Influence of tandem fluttering membranes on flow dynamics and heat transfer in turbulent channel flow

Abstract

The fluid–structure–thermal interaction of tandem fluttering membranes with gap distance ratios ranging from D*=1.0 to 4.0 in turbulent channel flow at Reynolds number ReL = 2.05×104 was investigated. Three distinct coupling modes (strong, medium, and weak, with D*=1.0, 1.5, and 2.0, respectively) of the tandem membranes were compared. The coupled fluttering motions and output voltages of the tandem membranes were recorded simultaneously. The two tandem membranes fluttered at the same frequency but different amplitudes. The flutter amplitude of the rear membrane, enhanced by the front membrane, exhibited the largest and smallest values in the strong and weak coupling modes, respectively.

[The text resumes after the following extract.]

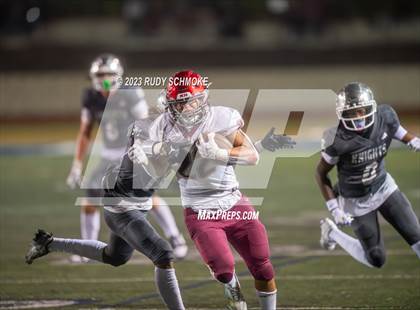 Thumbnail 3 in Mission Hills @ San Marcos (Discovery Bowl) photogallery.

The phase difference Δϕ was linearly dependent on D*. Furthermore, the statistical flow quantities and heat transfer performance were examined. As D* increased from 1.0 to 2.0, only minor variations occurred in the streamwise and vertical velocities, leading to a decreased pressure loss and enhanced heat transfer. Moreover, the largest thermal enhancement factor was attained in the strong coupling mode owing to the large space-averaged Nusselt number. Finally, a membrane-shape-identification method was used to capture the spatiotemporal evolutions of the flow–structure dynamics. The decrease in the pressure loss and enhancement in the heat transfer of the tandem fluttering membranes were clarified by investigating the spatiotemporal evolutions of the unsteady flow behaviors. This study may offer an important reference for the designing of an efficient heat transfer device using multiple membranes.